Lab 05 — Browser & Application Artifacts¶

Hands-on lab · ← Back to the module concept

Setup¶

This is a reference lab — its environment lives in the companion plaintext-labs repo:

git clone https://github.com/plaintext-security/plaintext-labs
cd plaintext-labs/forensics/05-browser-app-artifacts
make up        # build the hindsight + sqlite3 container
make demo      # extract and display browser artifacts from the seed History file
make shell     # drop in to work interactively
make down      # stop when done

The container includes hindsight and sqlite3. data/History is a small SQLite Chrome history database — modelled on the public Nitroba University Harassment scenario (Digital Corpora). For the real artifact, make fetch-data pulls the Nitroba PCAP (https://downloads.digitalcorpora.org/corpora/scenarios/2008-nitroba/nitroba.pcap, ~60MB), from which the suspect's webmail sessions and browser/user-agent artifacts can be reconstructed.

Everything runs against a bundled SQLite file you own. No authorization needed.

Scenario¶

This lab is built on the public Nitroba University Harassment case (Digital Corpora): chemistry instructor Lily Tuckrige receives a string of harassing emails, and investigators sniff dorm network traffic to identify which student sent them — reconstructing the suspect's webmail activity and browser artifacts from the capture.

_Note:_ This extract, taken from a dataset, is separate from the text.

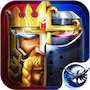 Clash of Kings (MOD Unlimited Money, Resources)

Here you work the browser-artifact angle: the analyst imaged the suspect's Chrome profile and extracted the History file (data/History). The account of interest (jsmith) claims they only used the browser for "normal coursework." Your task is to reconstruct the browser/webmail activity during the harassment window and determine whether the evidence supports or contradicts that claim. To work the real network artifact, run make fetch-data and carve the webmail sessions out of nitroba.pcap.

Only examine browser artifacts from systems you are authorised to investigate. The Nitroba PCAP is published for training; in a real case these files arrive via a forensically acquired image or a lawful capture.

Do¶

[ ] Run hindsight against the History file.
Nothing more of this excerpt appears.